Meet the muralists, dancers, screenwriters, and comics who stood out in 2019.
Xochi de la Luna
Xochi de la Luna is a self-described weirdo.
“That’s what I’ve always been,” says de la Luna. “What I do is put on events where other weirdos thrive.”
One of the busiest artists in town, on any given night de la Luna may be a standup comedian, musician, event producer, emcee, or performance artist. They enjoy the challenge and reward of combining arts.
“I like to bring people together,” de la Luna says. “We have such a rich arts scene locally, but it can still feel very segregated. Dancers stick with dancers, comedians stick with comedians.”
Xochi is co-founder and producer of Vector 9, a monthly variety show that features black, brown, indigenous, and LGBTQ performers. Last summer, it celebrated its two-year anniversary. They also co-produce the (nearly) weekly standup showcase Uproar at Du Nord Craft Spirits.
“Uproar is probably the thing that I’m most proud of from 2019; seeing it grow from a very local showcase into something that has become much larger,” says de la Luna. “We have acts from Los Angeles, Kentucky—all over the place.”
As a performer, de la Luna is likely best known as host of the monthly cabaret Mother Goose’s Bedtime Stories, which also celebrated its two-year anniversary this summer.
As a comic, de la Luna stayed busy this year with Uproar as well as performing at other shows around town, including Maggie Faris’ annual Pride Comedy Blowout at Sisyphus.
“Comedy has been its own therapy for me,” they explain.
Regardless of the medium, de la Luna doesn’t feel the need to edge out other artists for stage time. Instead, they choose to create more opportunities to showcase talented folks.
“There is this scarcity mentality sometimes locally,” they explain. “I’m trying to show people that it’s not a competition, and that we all have our own beautiful thing to show.”

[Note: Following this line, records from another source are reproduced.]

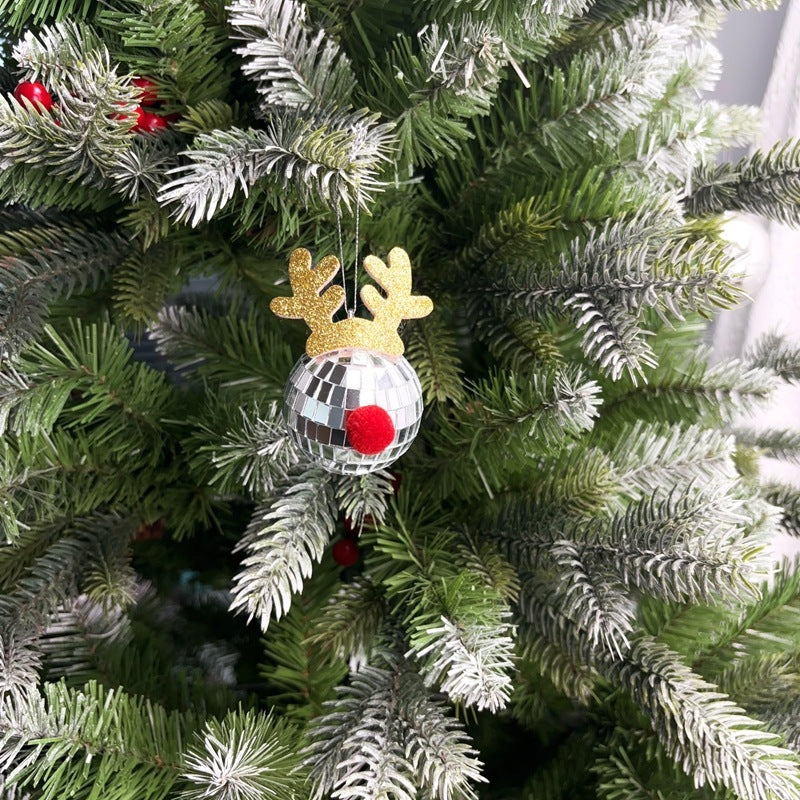 5PCS Christmas Mirror Disco Ball Decoration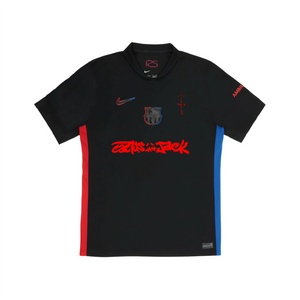 BARCELONA AWAY JERSEY BLACK 2024/25 SPECIAL EDITION CACTUS JACK RED TRAVIS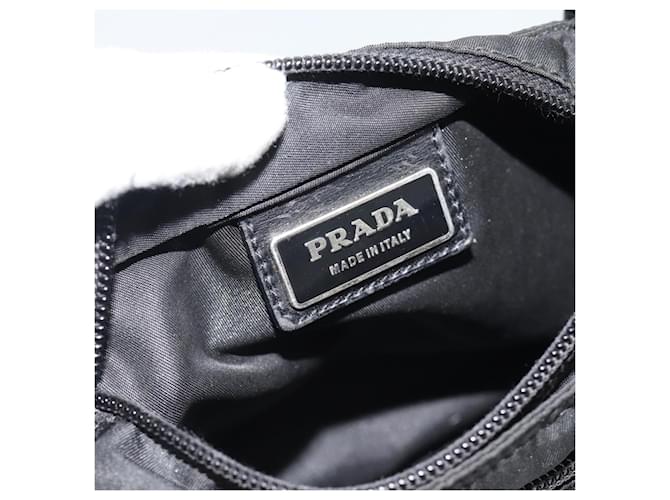 Borsa a Spalla PRADA Nylon Nero Argento Auth BA13615A - vista 17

How does an artist emerge from an intergenerational, accolade-rich family business with her own identity? If you’re Ashwini Ramaswamy, you follow in your family’s footsteps. You also veer brilliantly in new choreographic directions with Let the Crows Come, a work of enchanting beauty, arresting movement, and inventive intelligence.
“Crows was the first step in a new direction for me, which is making new work for non-Indian dancers using the principles of Bharatanatyam,” she says.
The project began four years ago. “I had a fleeting idea: I saw a connection between a DJ remixing a song without losing its essence and being an immigrant born here with multiple cultural backgrounds.” She sought out Liquid Music founder Kate Nordstrum for advice. Soon after, Nordstrum commissioned the piece.
Residencies followed, and so did grants and fellowships. Meanwhile, Ramaswamy worked with Jace Clayton (aka DJ/rupture), Brent Arnold (cello), and Prema Ramamurthy (classical Carnatic) on a score for Crows using ancient musical structures as departure points for electronic explorations.
Ramaswamy based her solo on Tamil Sangam poetry, Sanskrit texts, and Hindu rituals. She asked Alanna Morris-Van Tassel to give deep, full-body expression to her illustrative gestures. She asked Berit Ahlgren to manifest her Bharatanatyam movement in slow-motion reverse. Individually, their contributions are captivating. Together, the three illuminated the dance form’s future. And with that, Ashwini Ramaswamy arrived.
Next, Ramaswamy will tour Let the Crows Come. She’ll also be assisting her mother and sister with Ragamala’s next large-scale project, Fires of Varanasi.—Camille LeFevre
For years, Theaster Gates has been collecting abandoned objects large and small: buildings on Chicago’s South Side; books, magazines, and furniture from the Johnson Publishing Company; “Negrobilia” from the Edward J. Williams Collection. “Assembly Hall” brought selections from these collections into three immersive environments at the Walker Art Center.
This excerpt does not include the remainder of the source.